La légende du café
Conte d’Algérie
Ma vieille amie se prénommait Fatima. C’était une femme qui passait beaucoup de temps à réfléchir et à méditer. Assise à quelques mètres de son gourbi sur une pierre plate, elle filait la toison d’un mouton qu’un voisin complaisant lui avait offerte.
Elle avait une façon de filer assez étonnante, tordant très finement la laine entre le pouce et l’index et l’enroulant autour d’un gros bobinot.
Un jour j’allais la voir, je la trouvais près de son foyer, préparant un excellent café dont elle avait le secret.
Elle me fit signe de m’accroupir auprès d’elle et me tendit une tasse minuscule de ce nectar. En me tendant ce bon caouah, elle me dit avec une pointe d’humour dans le regard :
– Je suis sûr, ô mon amie que ru ne connais pas la légende du caféier !

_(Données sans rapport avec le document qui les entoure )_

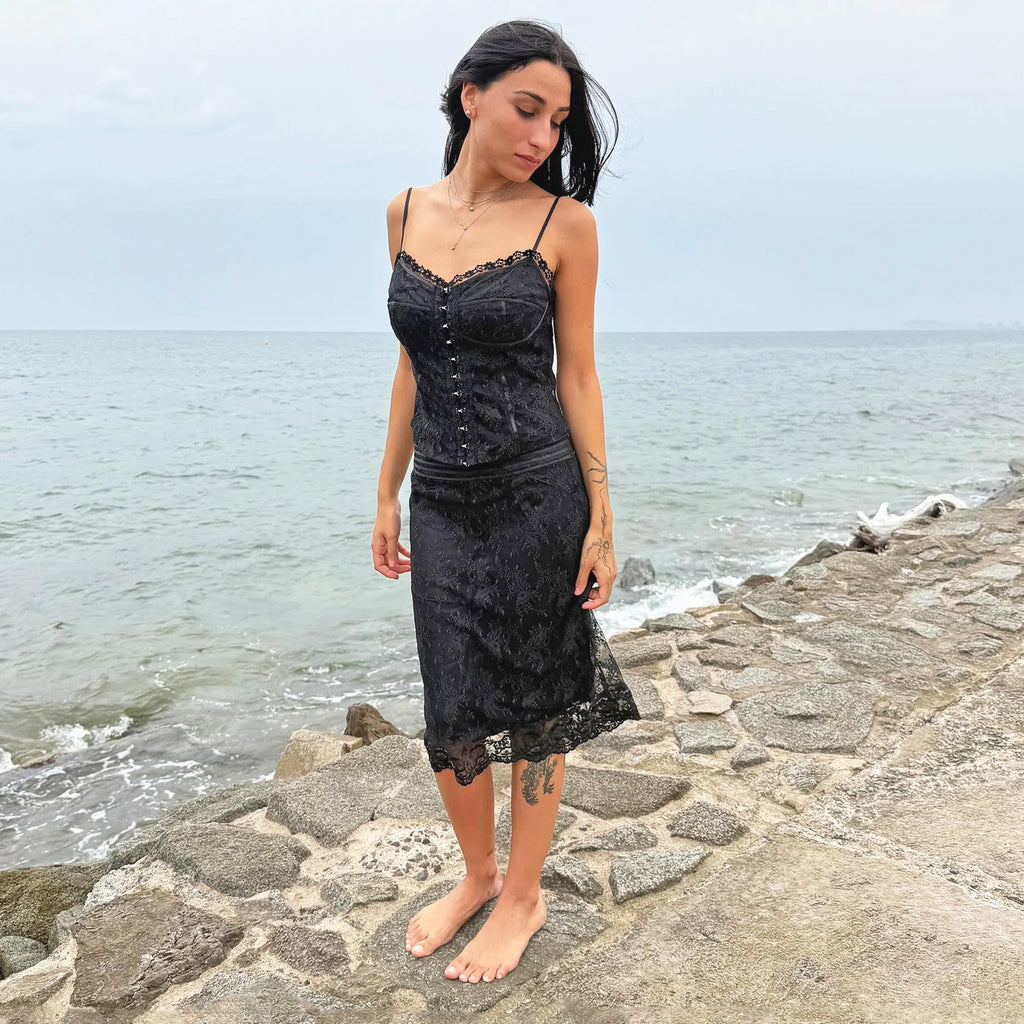 Vintage 90s Black Lace Corset Top Midi Skirt Set – Size S – Wanda Core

-Ah non ! ni toi, ni personne ne m’en a parlé.
-Allah Akbar ! (dieu est grand), il y a très longtemps de cela, près de Biskra (Oasis située près des Aurès en Algérie), vivait un lettré.
Il avait beaucoup d’écritures à faire, et son drame, c’est qu’il ne pouvait pas veiller et travailler le soir, le sommeil le terrassait, aussi était il bien ennuyé.
Ce savant avait une chèvre dont il faisait traire le lait, c’était sa seule boisson car il était très sobre.
Chaque matin, un berger menant paître son troupeau la prenait au passage et la ramenait le soir les pis gonflés. Quand rentrait l’animal, le savant allait la voir et admirait sa vitalité.
La chèvre sautait, cabriolait et bêlait toute la nuit; c’était d’ailleurs les voisins qui l’en avaient averti, car lui hélas dormait profondément.
Elle ne paraissait jamais lasse et le lettré en était très intrigué. Que pouvait elle manger qui la rendit si excitée ? Aussi l’homme voulut-il en avoir le coeur net et, un matin, quand le berger vint chercher la chèvre, il décida de l’accompagner.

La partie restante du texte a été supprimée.